With the excuse of war against terrorism (and we may wonder if, with all exaggeration, there are some hundreds of terrorists in the whole world) millions of travelers are terrorized daily by hundreds of thousand well fed and arrogant uniformed bureaucrats. These people by dressing in uniforms of security companies become big bosses over all those foolish people who have the courage to travel. To search in our socks and underwears, take off our shoes, directing lights into our eyes (and maybe sometimes into our throats and ears), rush us from one corridor to another, X-ray us and our luggage, break locks at our luggage and search it - this is a pleasure of uniformed non-travelers. Once I was a witness to a scene that took my breath. If Mr. Franz Kafka, author of absurd prose, had been close, he would certainly have been happy. At the deserted mini-airport in the middle of nowhere in the American state of Iowa one security guard went from one building to another. And his colleagues, employees of the same security company, made a serious and through check of him. This is a real battle against unemployment, my dear! These boys and girls will find a work always.

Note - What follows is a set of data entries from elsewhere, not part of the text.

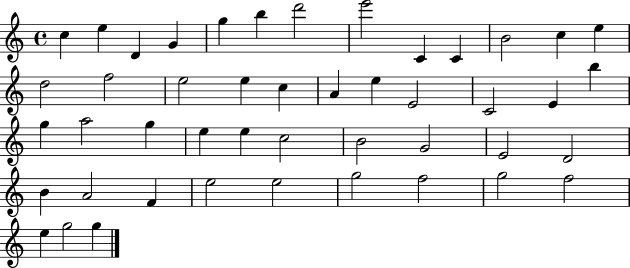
X:1
T:Untitled
M:4/4
L:1/4
K:C
c e D G g b d'2 e'2 C C B2 c e d2 f2 e2 e c A e E2 C2 E b g a2 g e e c2 B2 G2 E2 D2 B A2 F e2 e2 g2 f2 g2 f2 e g2 g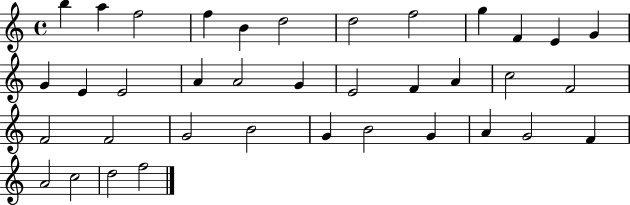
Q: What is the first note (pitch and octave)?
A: B5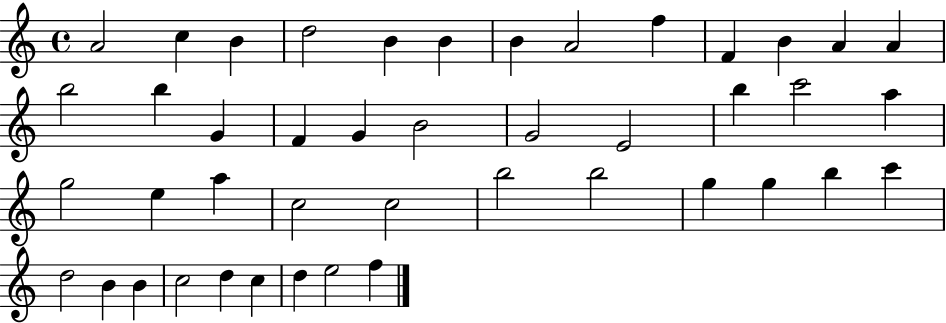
{
  \clef treble
  \time 4/4
  \defaultTimeSignature
  \key c \major
  a'2 c''4 b'4 | d''2 b'4 b'4 | b'4 a'2 f''4 | f'4 b'4 a'4 a'4 | \break b''2 b''4 g'4 | f'4 g'4 b'2 | g'2 e'2 | b''4 c'''2 a''4 | \break g''2 e''4 a''4 | c''2 c''2 | b''2 b''2 | g''4 g''4 b''4 c'''4 | \break d''2 b'4 b'4 | c''2 d''4 c''4 | d''4 e''2 f''4 | \bar "|."
}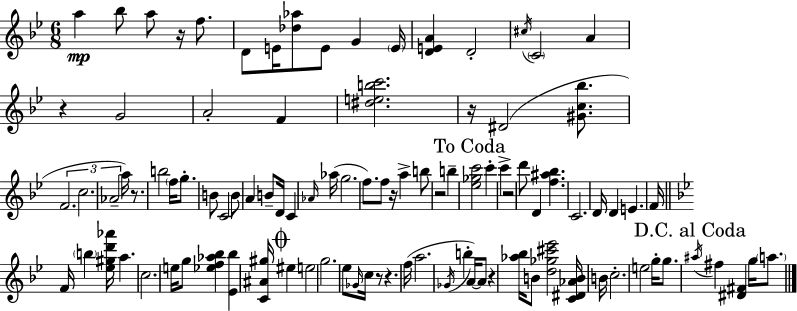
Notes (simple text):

A5/q Bb5/e A5/e R/s F5/e. D4/e E4/s [Db5,Ab5]/e E4/e G4/q E4/s [D4,E4,A4]/q D4/h C#5/s C4/h A4/q R/q G4/h A4/h F4/q [D#5,E5,B5,C6]/h. R/s D#4/h [G#4,C5,Bb5]/e. F4/h. C5/h. Ab4/h A5/s R/e. B5/h F5/s G5/e. B4/e C4/h B4/e A4/q B4/e D4/s C4/q Ab4/s Ab5/s G5/h. F5/e. F5/e R/s A5/q B5/e R/h B5/q [Eb5,Gb5,C6]/h C6/q C6/q R/h D6/e D4/q [F5,A#5,Bb5]/q. C4/h. D4/s D4/q E4/q. F4/s F4/s B5/q [Eb5,G#5,D6,Ab6]/s A5/q. C5/h. E5/s G5/e [Eb5,F5,Ab5,Bb5]/q [Eb4,Bb5]/q [C4,A#4,G#5]/s EIS5/q E5/h G5/h. Eb5/e Gb4/s C5/s R/e R/q. F5/s A5/h. Gb4/s B5/q A4/s A4/e R/q [Ab5,Bb5]/s B4/e [D5,Gb5,C#6,Eb6]/h [C4,D#4,Ab4,B4]/s B4/s C5/h. E5/h G5/s G5/e. A#5/s F#5/q [D#4,F#4]/q G5/s A5/e.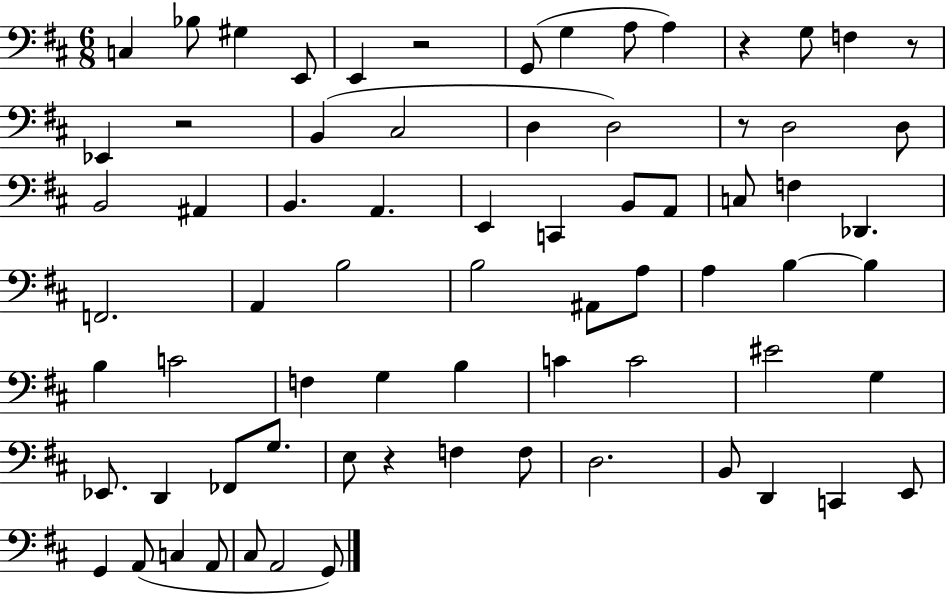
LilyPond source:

{
  \clef bass
  \numericTimeSignature
  \time 6/8
  \key d \major
  c4 bes8 gis4 e,8 | e,4 r2 | g,8( g4 a8 a4) | r4 g8 f4 r8 | \break ees,4 r2 | b,4( cis2 | d4 d2) | r8 d2 d8 | \break b,2 ais,4 | b,4. a,4. | e,4 c,4 b,8 a,8 | c8 f4 des,4. | \break f,2. | a,4 b2 | b2 ais,8 a8 | a4 b4~~ b4 | \break b4 c'2 | f4 g4 b4 | c'4 c'2 | eis'2 g4 | \break ees,8. d,4 fes,8 g8. | e8 r4 f4 f8 | d2. | b,8 d,4 c,4 e,8 | \break g,4 a,8( c4 a,8 | cis8 a,2 g,8) | \bar "|."
}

When I was recently departing from Mexico City, I was stopped before boarding the plane by a woman security guard. She pointed at my shoes. I have had these for almost twenty years. They are my traveler's shoes. They went with me into India and Malaysia, also Egypt, walked with me through the whole of Europe and not a small part of United States. I am proud of these shoes; they are inseparable part of my journeys. However, I had to follow the guard's order and take them off. Well, I can stand that if they can stand the smell of my socks. But then it comes. This uniform bureaucrat took my beloved shoes into her hands in white gloves and slowly, thoroughly, with pleasure broke their soles. Than she returned it to me. My globetrotter shoes sentenced to disability. Symbols of an époque when to travel by plane was like stepping up to heaven. An époque that is gone with that shoes.

When plane is taking off, it is leaving shadow at the land. Nowadays this shadow is traveling with us even ten thousand meters above the Earth. It is a shadow of globalized stupidity.